China Transportation Briefing: 5 Trends to Watch in China’s Urban Transport in 2013 (Part Two)
More cars in China is not the solution. Photo by anastas.

More cars in China are not the solution. Photo by anastas.

This blog post is part of a 2-day series. We invite you to check part one.

Could Chinese cities develop more sustainable mobilities? Today we explore China’s biking renaissance and multi-modal integration.

Trend 4 – Biking Renaissance

The past two decades have seen the decline of biking and pedestrian infrastructure in many Chines cities, but in 2013 Chinese cities may regain the momentum of moving people on bikes. In September 2012, the Ministry of Housing and Urban-Rural Development released policy to promote biking and pedestrian systems in cities. This announcement also launched a 45-percent target to be reached in cities by 2015 for biking and walking.
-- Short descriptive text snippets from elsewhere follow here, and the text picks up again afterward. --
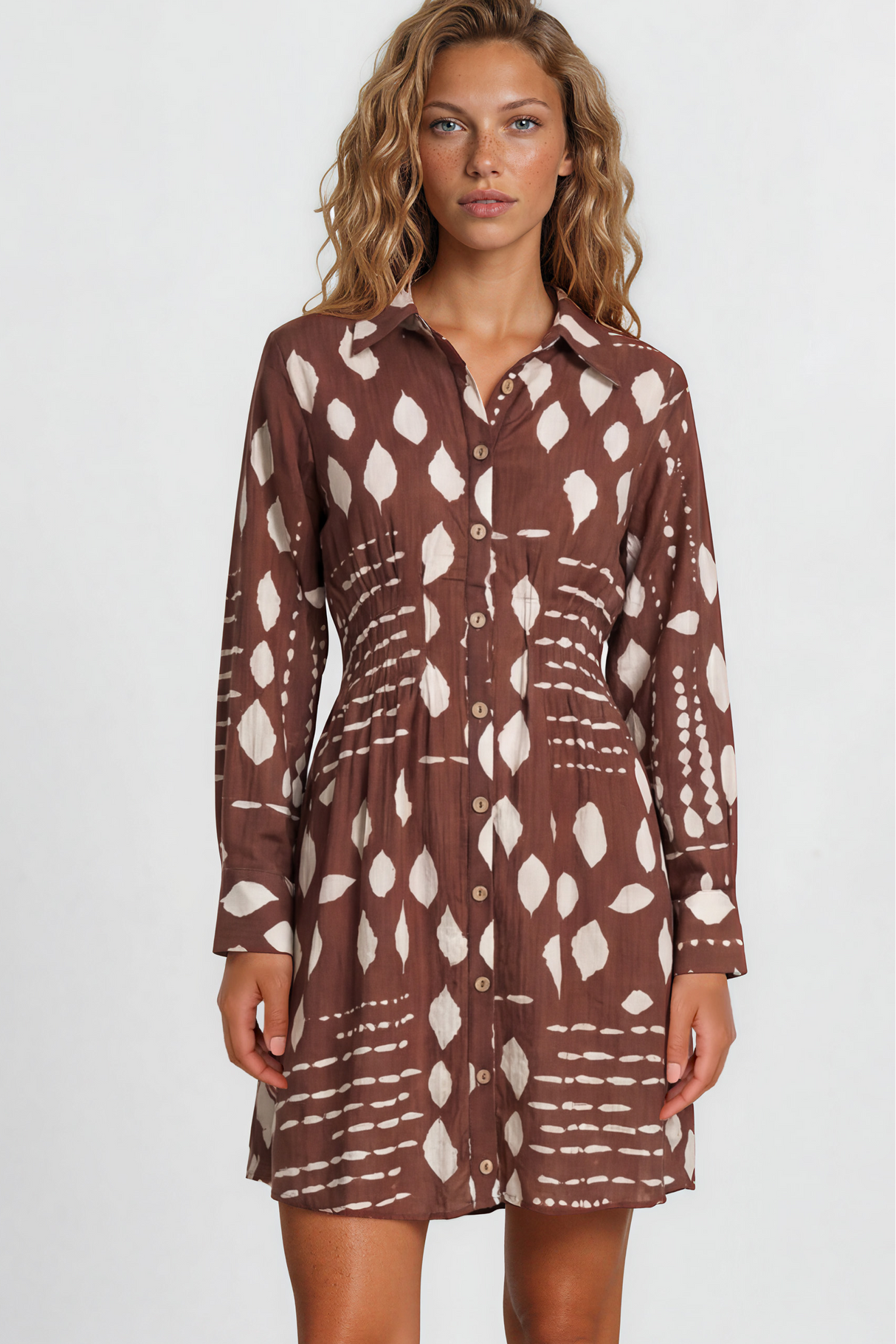 Woman wearing a brown patterned dress on a plain background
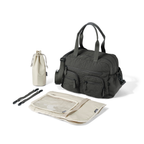 Black duffel bag with beige drawstring bag, pouches, and utensils on a white background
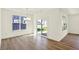 Bright dining area with wood floors, chandelier lighting and large windows at 19714 Highclere Ln, Sheridan, IN 46069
The rapid scaling-up of bikeshare in China and a new “greenway” project in Guangdong points to this as a real possibility. Over the past five years, bikeshare systems have exploded in growth nationwide, fueled by the Hangzhou’s successful system launched in 2008. Today, over 60 Chinese cities have public bike sharing programs and China has more bikes shared than the rest of world combined. Wuhan and Hangzhou are now running the world’s largest and second largest bikesharing programs with 90,000 and 64,000 bikes respectively. More cities are building or planning to introduce public bike programs.

With the bikeshare movement, some cities revised their surface space priorities deferring to cyclists and pedestrians. The Guangdong province leads this trend. Its cities – such as Guangzhou and Foshan – have constructed “greenways” – biking and walking corridors paired with landscaping, alongside the development of bikesharing programs. Guangzhou is now the role model for Chinese pedestrian-cycling infrastructure, with over 1,000 kilometers of greenway connecting key attractions and mass transit hubs.

Greenway construction has also spurred grassroots NGOs to promote urban cycling, a rarity in China. BikeChina, one such cycling NGO has been promoting Guangzhou cycling for two years, engaging with the public, international think tanks, and government to make the city more bikable.

Trend 5 – Multi-modal Integration

Multi-modal integration is key in China’s transportation planning and will become a principle of future transportation development.

Currently, multi-modal integration is most often included in the design of hub stations. In the current 5-Year Plan alone, 100 multi-modal transport hubs will be created by 2015. Multi-modal integration at city-level is still facing challenges, mostly institutional fragmentation. However, cities like Guangzhou and Hangzhou present best practice of multi-modal integration for the rest of the country.

Guangzhou’s bikeshare system was integrated with bus rapid transit (BRT) throughout planning and implementation while Hangzhou has planned public bike stations in coordination with its bus and metro networks. In terms of fare systems, many Chinese cities provide integrated ticketing, allowing users to access different modes via a single farecard. Hangzhou’s system even places incentives on biking by rewarding riders with an extra 30 minutes of of public bike use with bus transfers. This integrated approach won Hangzhou the Mobi Prize, a global sustainable transport innovation award in 2012. Multi-modal integration is here to stay and grow: Shanghai’s public transport card can be used in six other cities and by 2015, a single farecard could be used in 60 other Chinese cities.

What’s more, the integrated transport information becomes more accessible to users in China with the advancement of technology. Currently, location-based mobile applications providing transport info such as “Shake and Ride” are available in large Chinese cities, helping the users navigate in the cities through public transport. The opening of real time transport data is also foreseeable – Last Nov., Beijing announced that the city would open the real time data of its buses and metro in 2013, and this change might increase the reliability of its public transport system.

 

Facing the great challenge brought by the rapid motorization and urbanization, China is making great investment to expand the urban railway, and more and more cities would reassess the role of private vehicles. Cities would start improving the quality of public transit by multi-modal integration while preserving or picking up the legacy of the non-motorized transport such as green way project. Innovation from the group also shows up in terms of new grassroot NGOs and the development of mobile applications. With these signs, we have reason to believe that China could make a difference and find a different motorization way to move people.